At the opening of the two sessions — the twin meetings of the Chinese People’s Political Consultative Committee (CPPCC) and the National People’s Congress (NPC) — Thursday, Zhang Yesui, the NPC spokesman, said recent unrest in Hong Kong “showed that the electoral system needs to be improved” in order to ensure “patriots govern.”
Speaking Friday, Wang Chen, vice chairman of the NPC Standing Committee, said changes would affect both the Legislative Council, Hong Kong’s already only semi-democratic parliament, and how the city chooses its chief executive.
The Election Committee, a Beijing-dominated body which currently chooses Hong Kong’s leader, will be expanded, likely diluting the influence of any pro-democracy members, and will also be given the power to nominate all candidates for the legislature, as well as “electing a relatively large share of Legislative Council members,” Wang said.
The proposed moves come after a new loyalty oath was proposed for all Hong Kong elected officials — from local councilors to legislators — that could be used to bar almost all democrats, with China’s top representative in the city saying that “patriotism” in Beijing’s eyes means not just loyalty to China, but loyalty to the Communist Party.
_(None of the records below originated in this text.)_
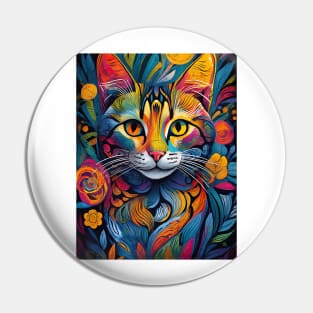 vibrant and colourful cat art design Pin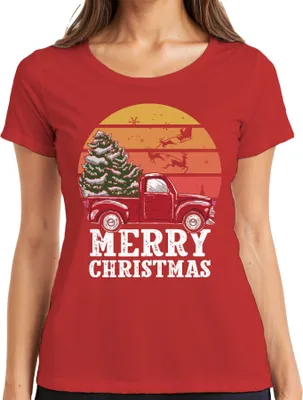 Produktbild von Merry Christmas Truck Weihnachtsbaum - Weihnachten Weihnachtsgeschenk Christmas Damen T-Shirt, Rot, XXL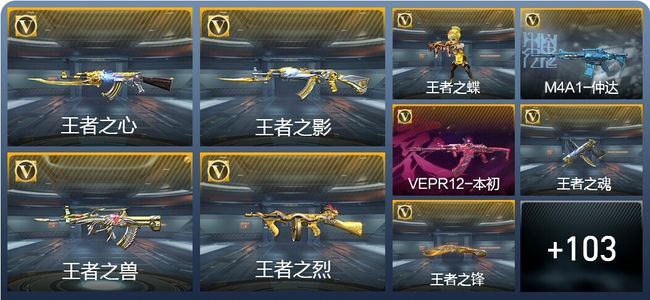 穿越火线：枪战王者V7 12王者武器 129英雄武器 4英雄角色 218万化 枪皇SS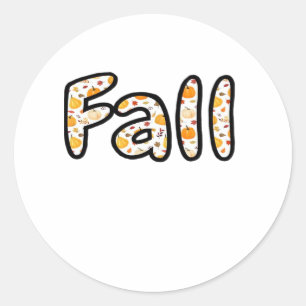 Feast Mode – Cute Autumn Comfort Food Plate Boxy T Classic Round Sticker
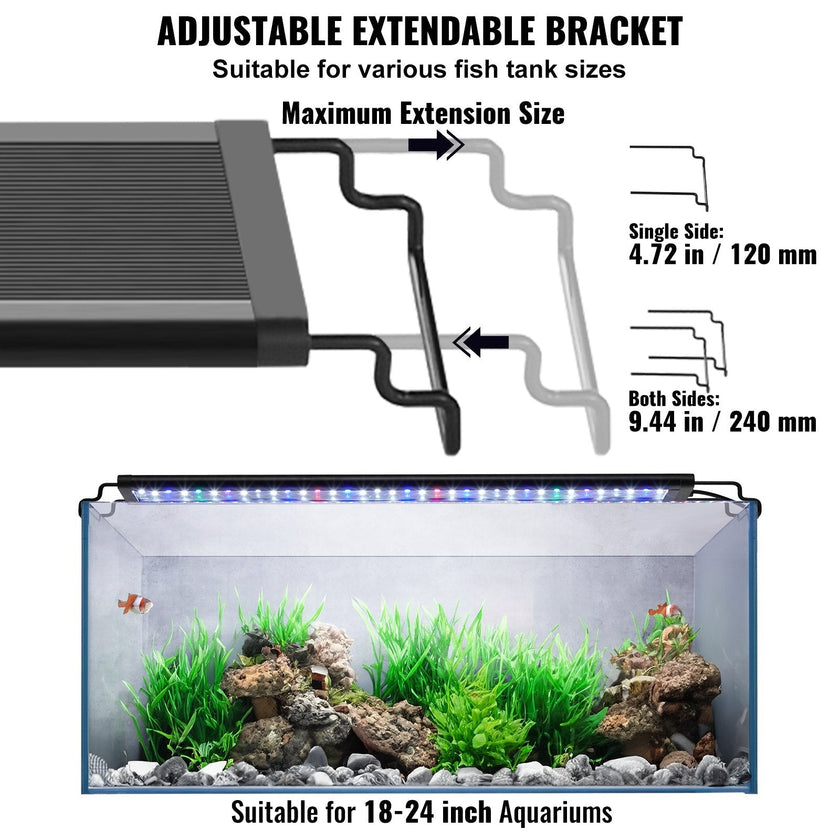 VEVOR Aquarium Light, 18W Full Spectrum Fish Tank Light with 24/7 Natural Mode, Adjustable Timer & 5-Level Brightness, with Aluminum Alloy Shell Extendable Brackets for 18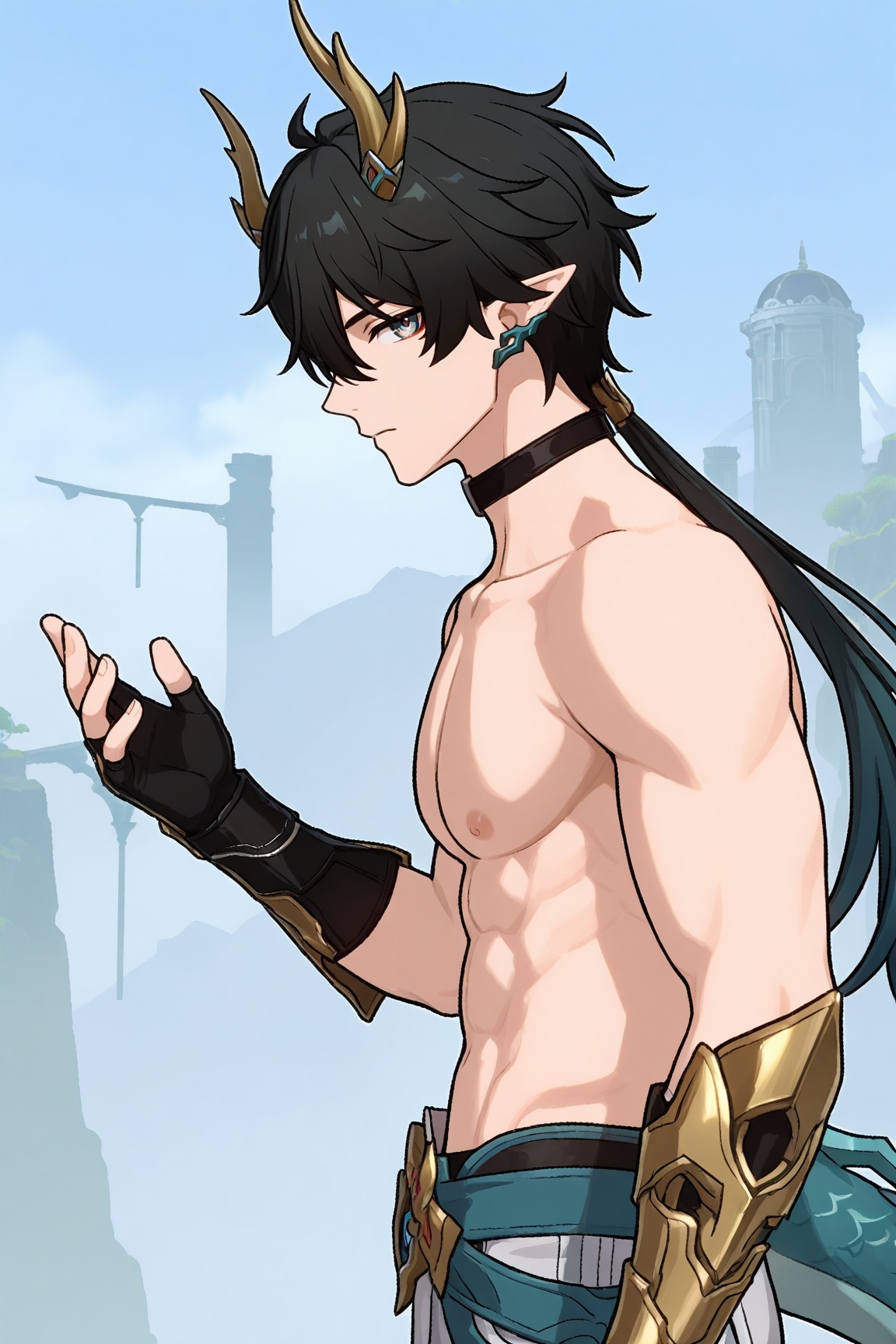 1boy (dan heng (permansor terrae) (honkai: star rail)),  dan heng,  black hair on Tensor.Art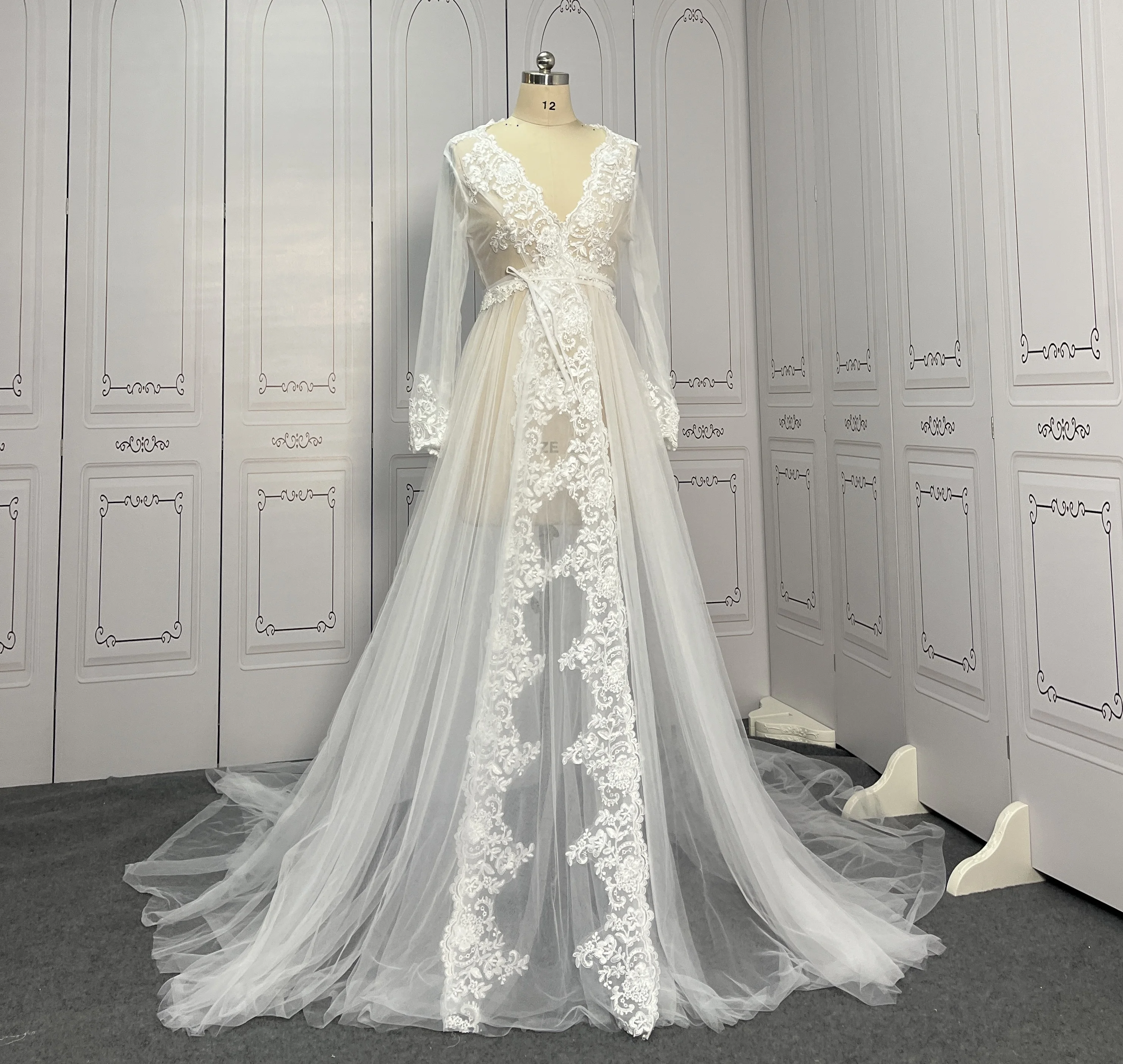 Elegant Bridal Robe Long Sleeve Lace Night Gowns Sexy Robe For Women Wedding Morning Robes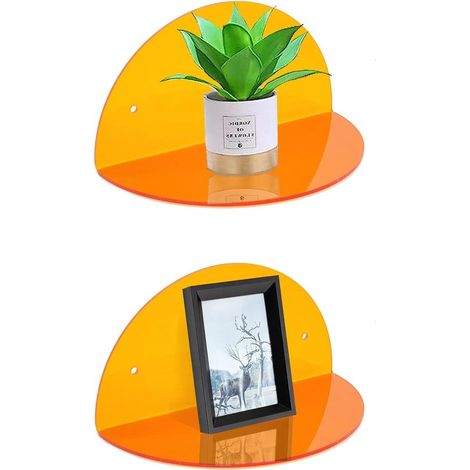 Kleine Acryl-Wandregale 2 Stück Durchmesser 25 cm Wandmontierter Präsentationsständer für Pflanzen Spielzeug Kosmetik und mehr Ideal für Zuhause (1/5)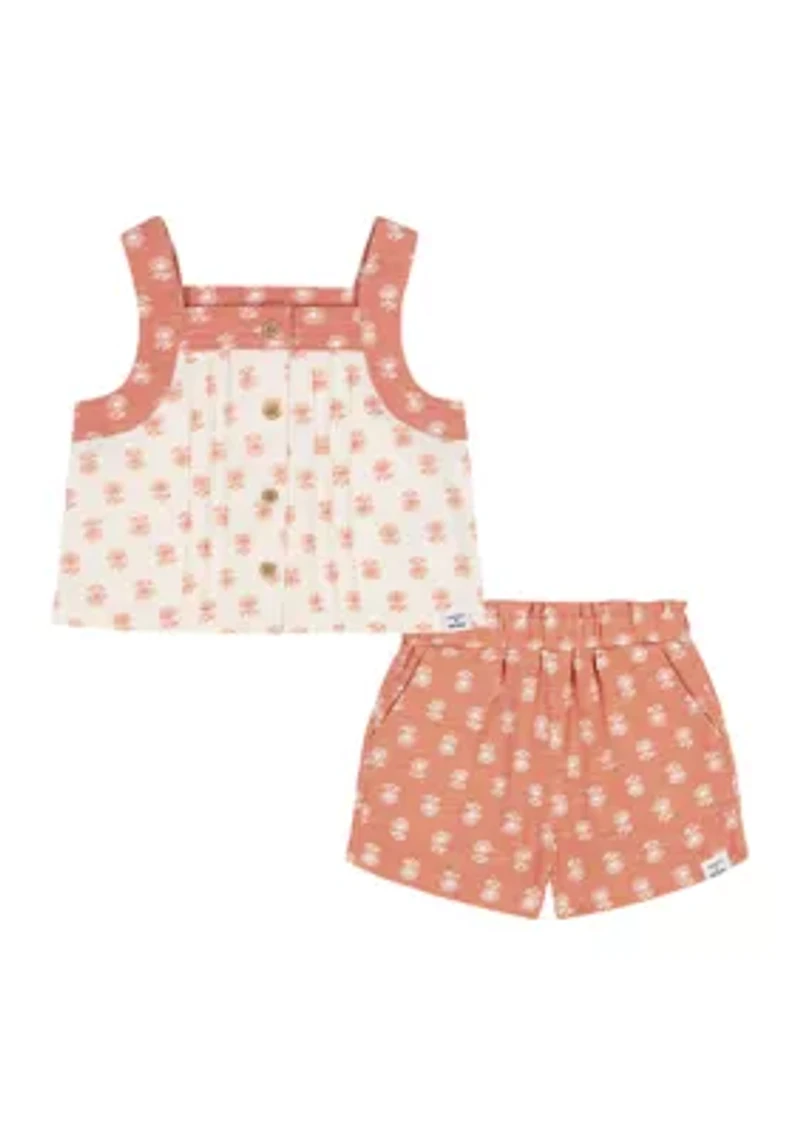 Toddler Girls Printed Tank Top and Shorts Set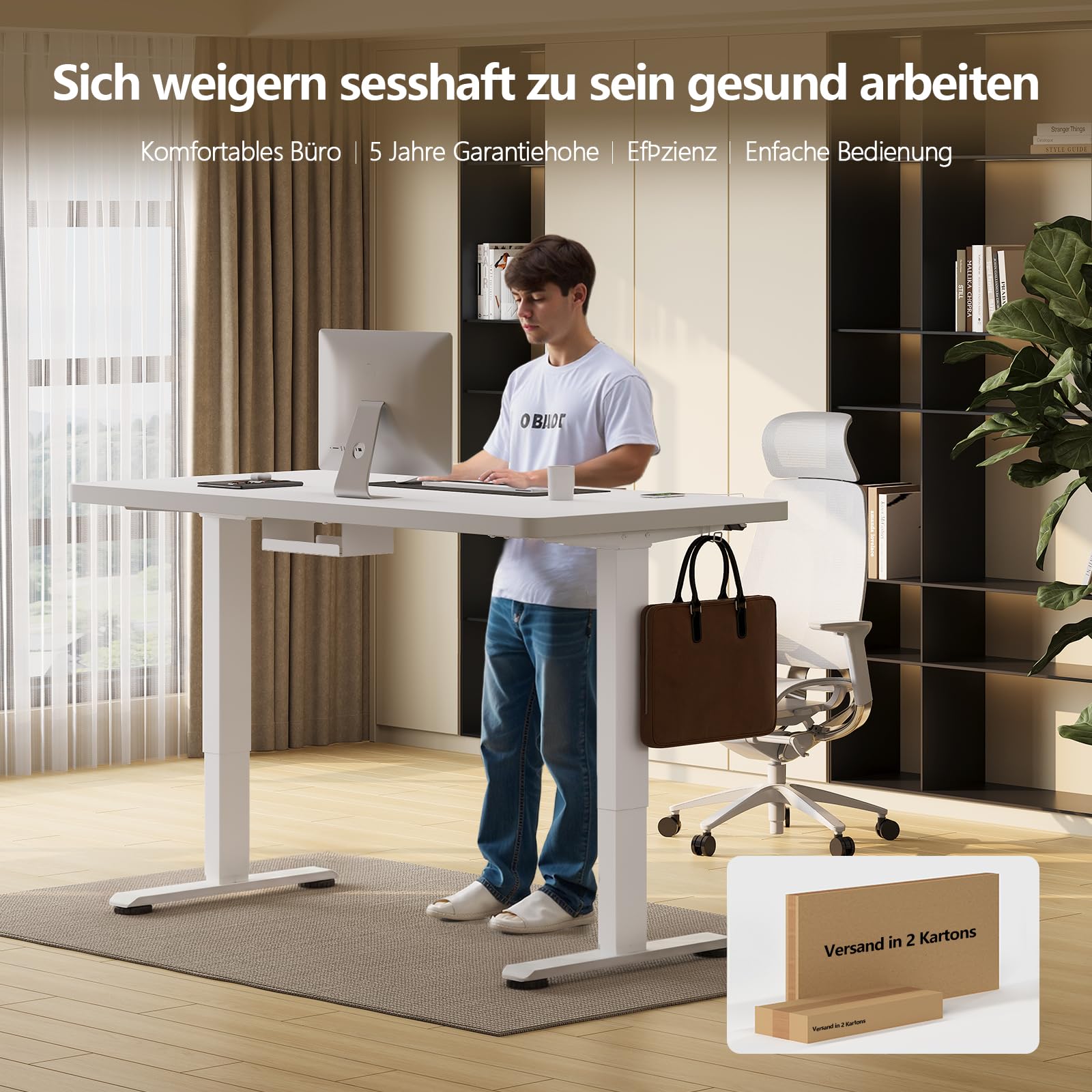 TRIUMPHKEY Höhenverstellbarer Schreibtisch, 200x80cm, Elektrisch Stehschreibtisch mit Dualmotor, Touchscreen,USB-A & Kabelmanagement,25mm Einteilige Tischplatte,ergonomischer Bürotisch, Weiß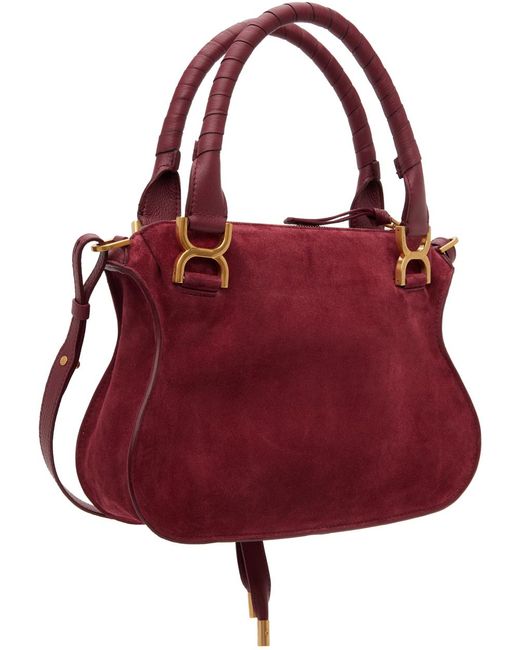 Chloé Red Burgundy Small Marcie Shoulder Bag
“For years, anti-China forces seeking to disrupt Hong Kong have been colluding with external forces in an attempt to seize the jurisdiction over Hong Kong, with clear goals and concrete actions,” Xinhua said in a commentary Friday. “Effective measures must be taken to block these pawns of anti-China forces from being elected to (Hong Kong’s) governance architecture, and knock them out once and for all.”
Not that there are many figures left to challenge Beijing: most prominent Hong Kong opposition politicians are being held in jail, where they are awaiting trial on subversion charges related to a primary election last year, which the government claimed was illegal and contrary to national security.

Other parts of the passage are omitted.